Borges, que se daba cuenta del enorme talento infértil de Ramón Gómez de la Serna, decía acertadamente que Buenos Aires le hacía mal. Lo transformaba en escritor clown, en chistoso profesional. «De tanto pensar atomizadamente para la greguería terminó con el espíritu atomizado». Se había casado con Luisa Sofovich, mucho más joven que él. Decían que la celaba tanto que a veces la encerraba con llave desde afuera cuando tenía que dar alguna conferencia y le gritaba pretextos: «¡Estuvieron robando en la casa de al lado…!» o «Mejor cierro, podría haber algún atentado antisemita».
Lo cierto es que en torno a la mesa de Areilza renacieron, más allá de las imposturas políticas que se endurecen en nosotros, los viejos prestigios del arte, del talento, del humor, del trabajo creador. Otra vez, como en el Pombo, Ramón ocupaba el centro y Bergamín lanzaba sus punzadas de sabiduría, como reviviendo la noche deI cuadro de Solana.
En esos domingos subrepticios de mucho salchichón, manchego y la generosa fuente de coñac ducal, tanto nacionales como rojos habrán sentido de llena que el otro, el del bando opuesto, es también un nosotros. Que sólo se puede odiar a muerte lo que no se conoce. Que el partidismo embrutece, desafina, nos enrola en furias falsas. Al amanecer, Rafael Alberti tal vez se iría caminando hacia su departamento en la calle Las Heras pensando (aunque ya no pudiese decirlo en ese lunes que entraba lluvioso) que sus checas asesinas o los anarquistas brutos de la CNT fueron tan asesinos como los guardias civiles asustados que fusilaron a su amigo Federico García Lorca, más por maricón que por poeta rebelde.

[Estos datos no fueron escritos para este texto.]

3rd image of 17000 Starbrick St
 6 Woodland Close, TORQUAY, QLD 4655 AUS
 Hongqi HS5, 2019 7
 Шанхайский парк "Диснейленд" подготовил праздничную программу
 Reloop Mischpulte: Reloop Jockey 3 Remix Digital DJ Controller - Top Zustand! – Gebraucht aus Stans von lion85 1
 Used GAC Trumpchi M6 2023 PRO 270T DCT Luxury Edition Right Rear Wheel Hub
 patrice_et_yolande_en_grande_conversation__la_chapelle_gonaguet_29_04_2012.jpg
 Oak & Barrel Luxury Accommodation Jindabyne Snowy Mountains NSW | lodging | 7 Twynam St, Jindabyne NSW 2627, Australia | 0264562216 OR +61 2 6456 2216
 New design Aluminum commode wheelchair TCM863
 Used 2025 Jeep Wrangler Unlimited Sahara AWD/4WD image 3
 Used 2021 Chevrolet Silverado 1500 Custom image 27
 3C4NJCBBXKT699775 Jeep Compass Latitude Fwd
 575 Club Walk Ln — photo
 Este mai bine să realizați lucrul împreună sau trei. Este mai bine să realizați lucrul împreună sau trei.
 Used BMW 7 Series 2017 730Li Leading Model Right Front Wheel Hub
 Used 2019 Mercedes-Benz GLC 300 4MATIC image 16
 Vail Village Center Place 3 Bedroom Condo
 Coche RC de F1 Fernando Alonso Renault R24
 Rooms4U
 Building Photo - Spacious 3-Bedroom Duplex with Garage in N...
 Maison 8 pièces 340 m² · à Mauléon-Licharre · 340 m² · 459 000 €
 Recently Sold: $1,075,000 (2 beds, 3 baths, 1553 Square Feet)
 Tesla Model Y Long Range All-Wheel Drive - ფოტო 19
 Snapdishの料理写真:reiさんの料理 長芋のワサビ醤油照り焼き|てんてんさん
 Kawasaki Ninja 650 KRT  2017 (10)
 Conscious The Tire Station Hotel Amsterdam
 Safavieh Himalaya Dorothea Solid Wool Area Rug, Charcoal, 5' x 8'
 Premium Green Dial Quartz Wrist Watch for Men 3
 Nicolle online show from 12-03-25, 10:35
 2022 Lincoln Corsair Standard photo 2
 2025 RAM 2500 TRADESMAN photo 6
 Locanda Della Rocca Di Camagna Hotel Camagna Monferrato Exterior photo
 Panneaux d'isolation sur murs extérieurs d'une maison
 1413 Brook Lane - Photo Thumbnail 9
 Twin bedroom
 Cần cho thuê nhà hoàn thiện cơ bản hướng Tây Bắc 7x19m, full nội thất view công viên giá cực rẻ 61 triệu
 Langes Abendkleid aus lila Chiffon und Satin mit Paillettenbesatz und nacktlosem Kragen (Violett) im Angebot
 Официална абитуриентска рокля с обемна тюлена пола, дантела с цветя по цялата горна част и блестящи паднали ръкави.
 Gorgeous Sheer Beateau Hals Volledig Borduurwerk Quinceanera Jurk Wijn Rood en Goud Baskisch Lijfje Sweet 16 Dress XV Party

Después de aquella mesa sahumada de fabada, todos debieron haber sentido que la historia y sus partidismos, lealtades y moralina judeocristiana nos embrutece por igual. Que, como escribió Elsa Morante, la Historia es la suprema asesina que nos esclaviza y somete con razones que mueren con la brevedad de todo pret‑á‑porter. Es un siniestro juego de temporada (la democracia vulgar, municipal, ideológicamente retacona, tiene la verdad irrefutable que a veces dicen los enanos de Corte…).
Los ilustres fantasmones se esfumaron por la puerta lateral y cayeron en un lunes donde deberían retomar sus roles y sus investiduras de costumbre. Tardarían todavía un cuarto de siglo para aceptarse mutuamente en público.
Aquella noche de 1950 es un momento de una larga amistad. La errática y cruel Historia ahora quiere que sea Argentina la que produce exiliados y perplejos. La guerra económica globalizante nos devastó como una bomba neutrónica. España tiene una gran misión que cumplir. Más allá de las salvajes ganancias y las salvajes pérdidas, Argentina tiene que encarrilarse con Brasil y el Mercosur porque es una Europa exterior y constituyen uno de los tres polos de inversión y desarrollo del siglo que empezó.
Fanny Rubio decía recientemente en televisión que todas las teorías y conjeturas sociológicas son insuficientes entre España y Argentina. Que hay algo que se sitúa más allá del odio o del amor o que los engloba. Hay ‑afirma enigmáticamente‑ deseo. Un deseo mutuo con altibajos de peligro y delicia.